▶ [Entries shown]:
************

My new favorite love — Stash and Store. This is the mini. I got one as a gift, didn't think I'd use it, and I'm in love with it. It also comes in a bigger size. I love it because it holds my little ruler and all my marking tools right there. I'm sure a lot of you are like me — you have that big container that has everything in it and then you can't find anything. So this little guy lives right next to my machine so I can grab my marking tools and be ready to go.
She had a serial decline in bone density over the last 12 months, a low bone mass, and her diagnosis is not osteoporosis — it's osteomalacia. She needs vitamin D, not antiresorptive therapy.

************

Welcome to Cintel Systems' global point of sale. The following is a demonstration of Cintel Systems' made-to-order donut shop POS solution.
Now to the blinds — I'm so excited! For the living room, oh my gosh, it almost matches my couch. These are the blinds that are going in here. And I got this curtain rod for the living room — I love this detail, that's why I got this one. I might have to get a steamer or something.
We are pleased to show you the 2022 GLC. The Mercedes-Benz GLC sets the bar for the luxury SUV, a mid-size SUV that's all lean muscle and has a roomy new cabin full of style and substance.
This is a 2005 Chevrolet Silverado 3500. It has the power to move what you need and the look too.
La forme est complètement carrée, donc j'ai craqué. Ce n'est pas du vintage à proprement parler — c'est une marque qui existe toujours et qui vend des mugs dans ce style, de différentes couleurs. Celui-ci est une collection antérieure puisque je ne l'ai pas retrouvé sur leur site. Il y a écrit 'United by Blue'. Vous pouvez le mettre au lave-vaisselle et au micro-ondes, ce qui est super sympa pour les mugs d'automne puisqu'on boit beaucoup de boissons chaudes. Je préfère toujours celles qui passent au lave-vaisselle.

************

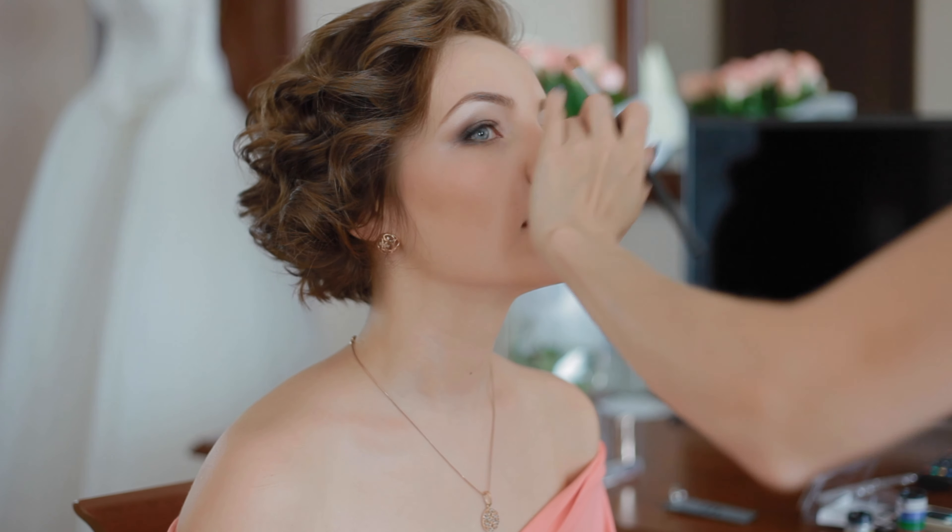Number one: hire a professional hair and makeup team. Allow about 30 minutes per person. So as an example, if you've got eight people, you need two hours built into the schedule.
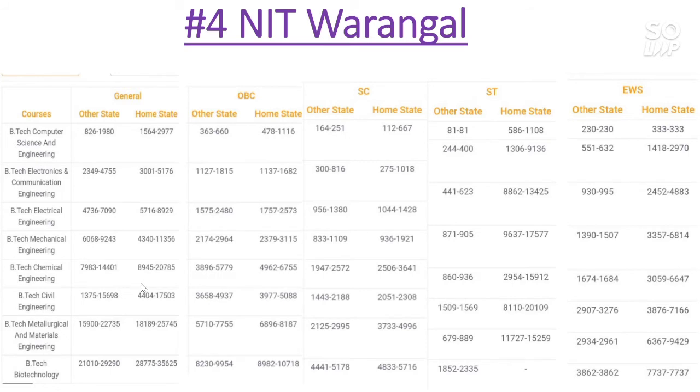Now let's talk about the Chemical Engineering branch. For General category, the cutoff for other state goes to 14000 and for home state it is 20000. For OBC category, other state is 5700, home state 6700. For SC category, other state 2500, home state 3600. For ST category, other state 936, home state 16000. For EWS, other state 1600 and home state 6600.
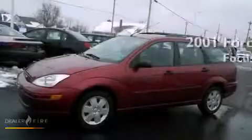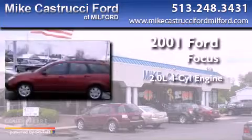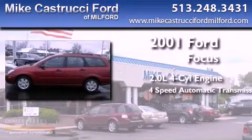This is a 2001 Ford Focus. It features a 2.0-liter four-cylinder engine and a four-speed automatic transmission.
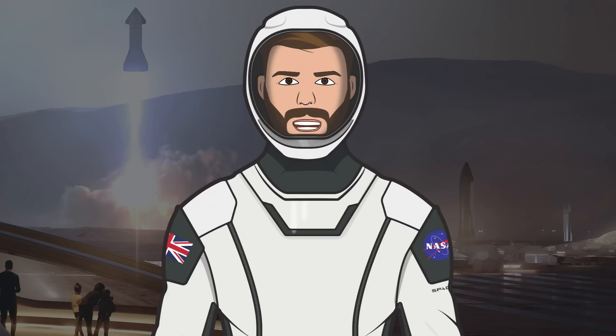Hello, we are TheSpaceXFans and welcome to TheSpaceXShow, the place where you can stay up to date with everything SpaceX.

************

▶ [Requirement]: Extract from the records above the lines from the one containing "This is a 2005" to the one containing "La forme est", both lines included, exactly as they appear and with nothing else.

▶ [Task solution]:
This is a 2005 Chevrolet Silverado 3500. It has the power to move what you need and the look too.
La forme est complètement carrée, donc j'ai craqué. Ce n'est pas du vintage à proprement parler — c'est une marque qui existe toujours et qui vend des mugs dans ce style, de différentes couleurs. Celui-ci est une collection antérieure puisque je ne l'ai pas retrouvé sur leur site. Il y a écrit 'United by Blue'. Vous pouvez le mettre au lave-vaisselle et au micro-ondes, ce qui est super sympa pour les mugs d'automne puisqu'on boit beaucoup de boissons chaudes. Je préfère toujours celles qui passent au lave-vaisselle.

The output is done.